Collection entries ▸
☆ ☆ ☆ ☆

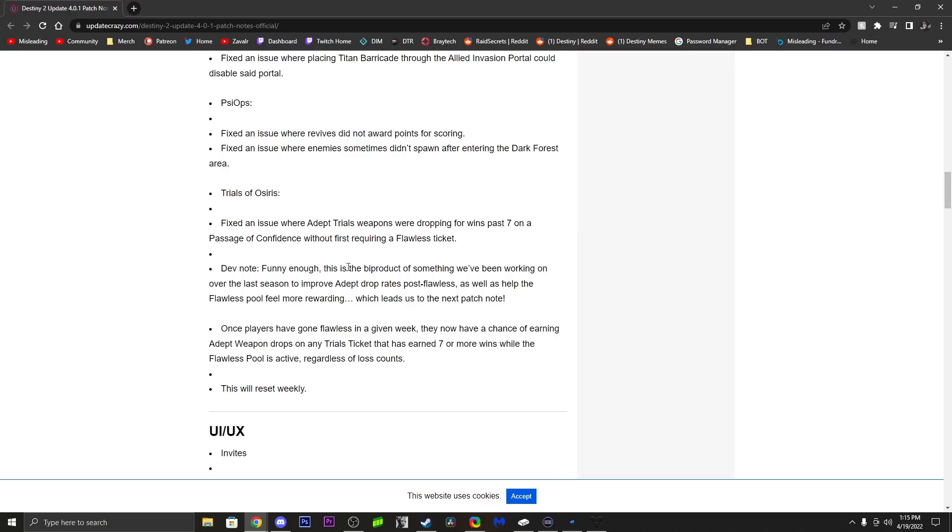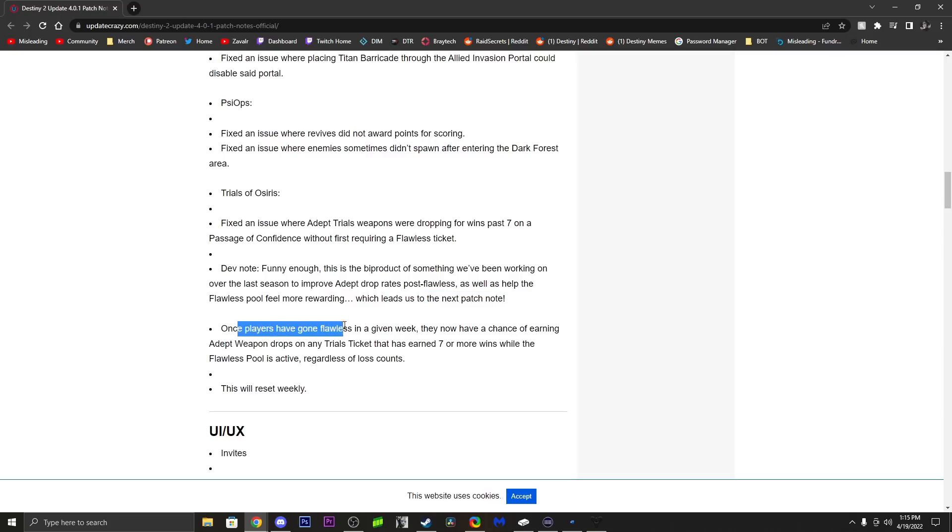a byproduct of something they've been working on over the last season to improve adept drop rates past flawless, as well as help the flawless pool feel more rewarding. Which leads us to the next patch note: once players have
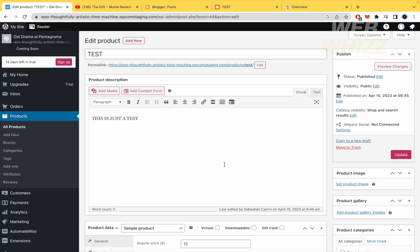This is how to add video to WooCommerce product gallery. Thanks for watching.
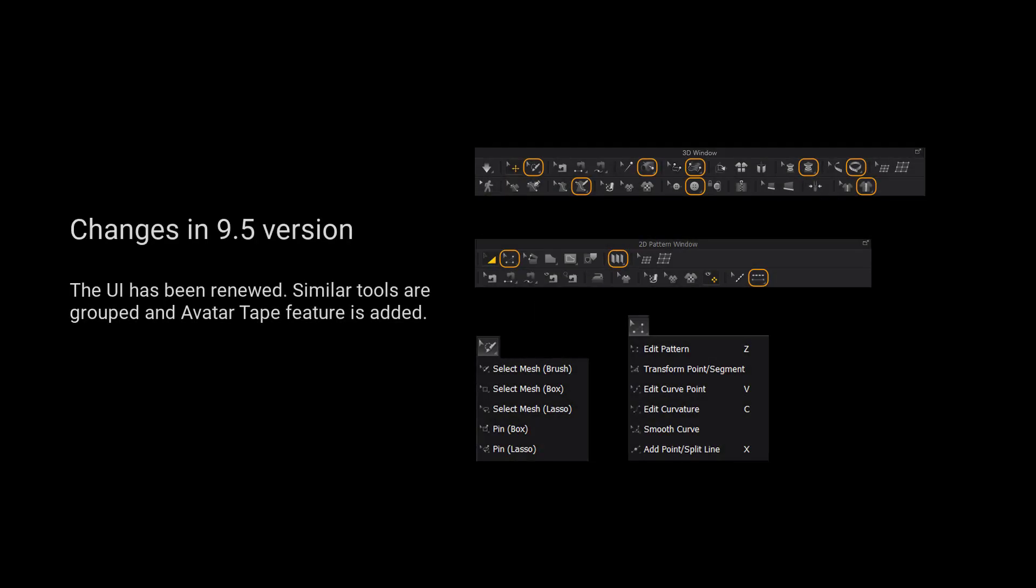For those using version 9.5 and up, we have grouped more tools for a cleaner user interface. Please long press the left mouse button on the tool to view a list of all the tools in the tool group.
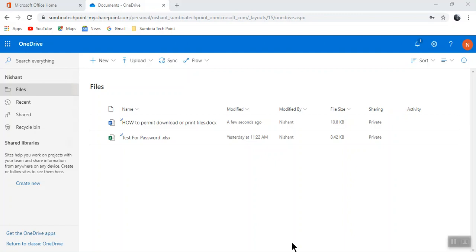Hello guys, welcome back. In this video I'm going to show you how you can prevent someone from downloading or printing your confidential files if you are using Microsoft 365 suite.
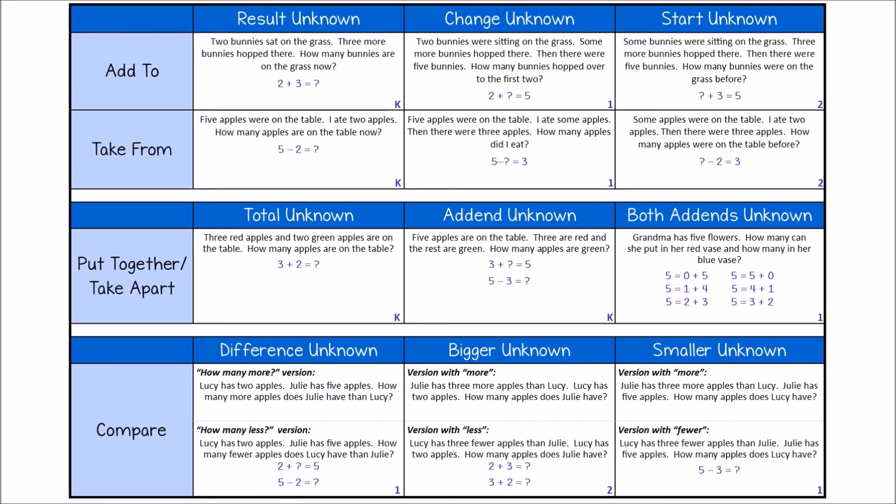This chart depicts the different problem types. The categories of problems are listed on the left-hand side. Each category is further broken down based on the location of the unknown, or the amount we are solving for.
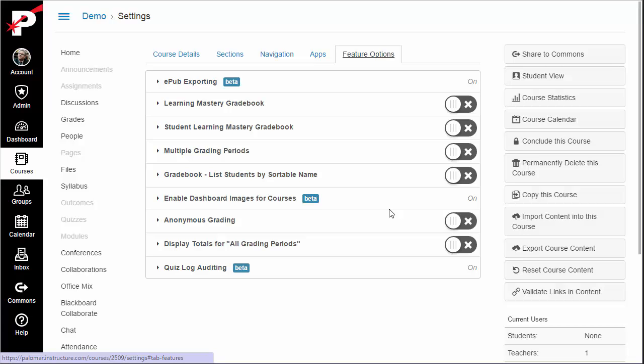In fact, I am doing this recording on my school's Canvas environment rather than the public Canvas system, because that system does not yet have the dashboard card image function enabled.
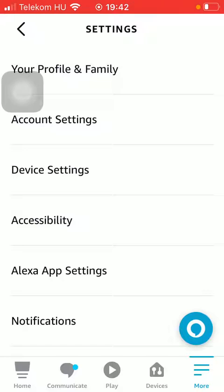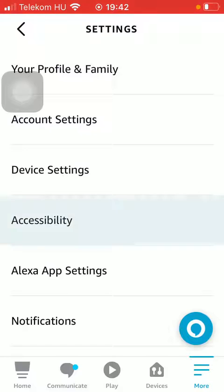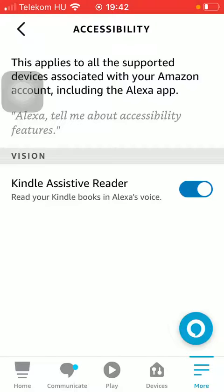Tap on accessibility and in the vision section you will find the Kindle assistive reader option, which lets you read your Kindle books in Alex's voice. To turn it on, tap the button on the right side of the screen. That's it for this video — see you in the next one, bye bye!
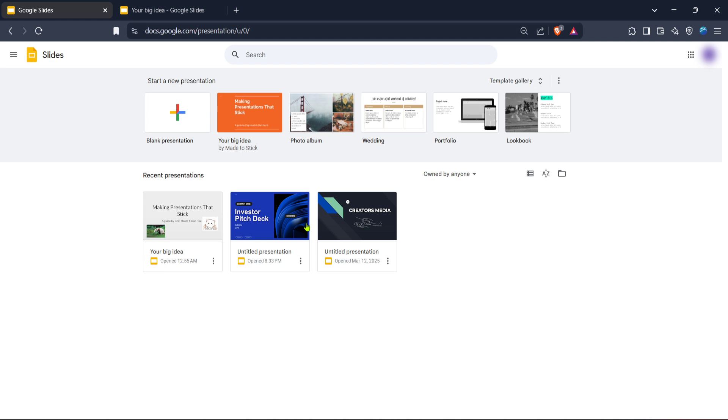To begin, open your web browser and head over to the Google Slides website. You'll want to navigate to Google Slides by typing in the URL or searching for it through a search engine. This is essential as it sets the stage for accessing and displaying your presentations.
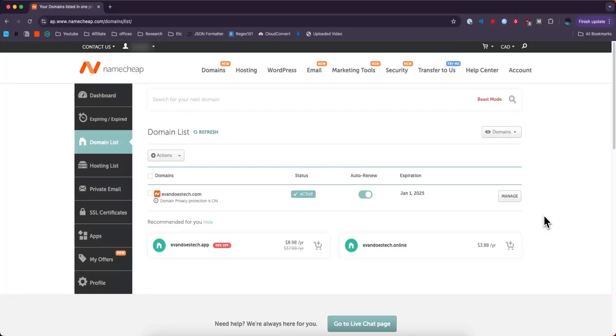Hey everyone, just want to make a quick video on how you can add a DNS record to your Namecheap domain. It's pretty simple to do, so I'll go ahead and show you it right now.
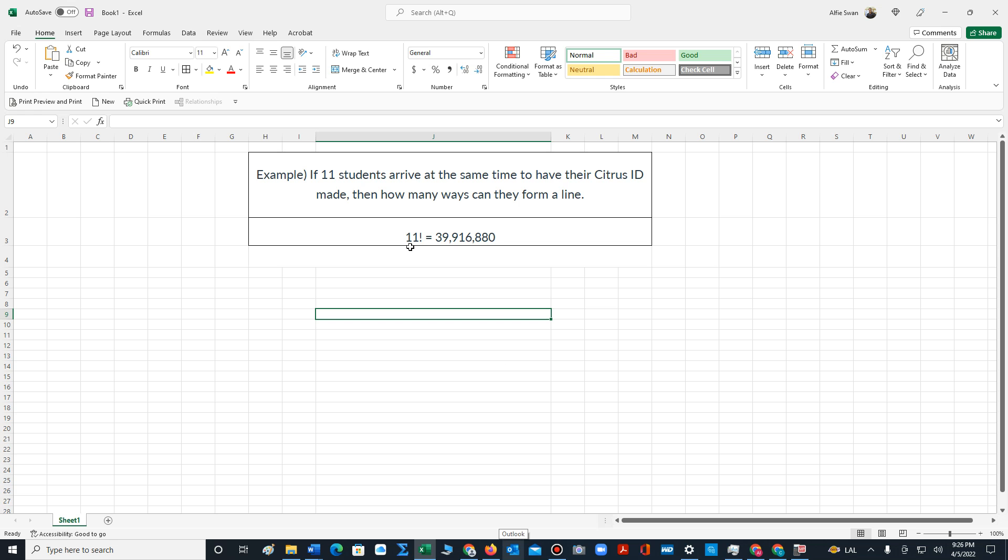To compute this, it's 11 factorial, which is 39,916,880.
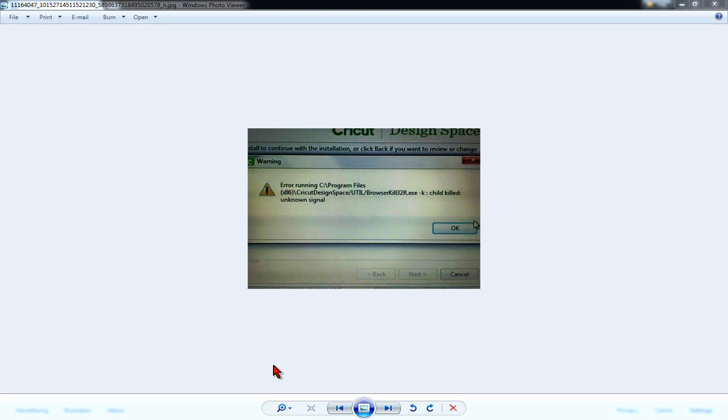A lot of users who are trying to install the Cricut plugin are getting the error that you see on my screen now in Windows 7 and Windows 8. Many people are not having this issue, but there are some that are having this issue for some reason on certain systems.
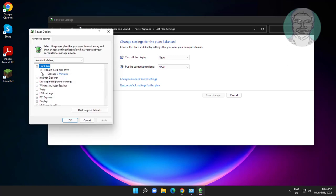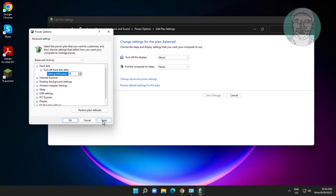Click and expand hard disk. Change the value to zero, click apply, then click OK.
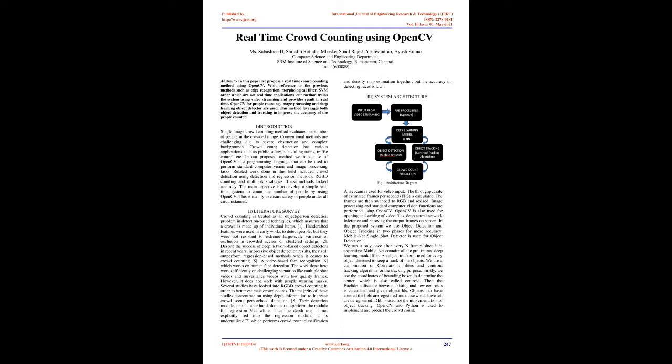Literature survey. Crowd counting is treated as an object/person detection problem in detection-based techniques, which assumes that a crowd is made up of individual items. Handcrafted features were used in early works to detect people, but they were not resistant to extreme large-scale variance or occlusion in crowded scenes or clustered settings.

☆ ☆ ☆ ☆

Try it ▸
Provide an exact copy of only the lines from the beginning of the entries through the line containing "For those using", both ends included, with no pictures.

Answer to the problem ▸
a byproduct of something they've been working on over the last season to improve adept drop rates past flawless, as well as help the flawless pool feel more rewarding. Which leads us to the next patch note: once players have
This is how to add video to WooCommerce product gallery. Thanks for watching.
For those using version 9.5 and up, we have grouped more tools for a cleaner user interface. Please long press the left mouse button on the tool to view a list of all the tools in the tool group.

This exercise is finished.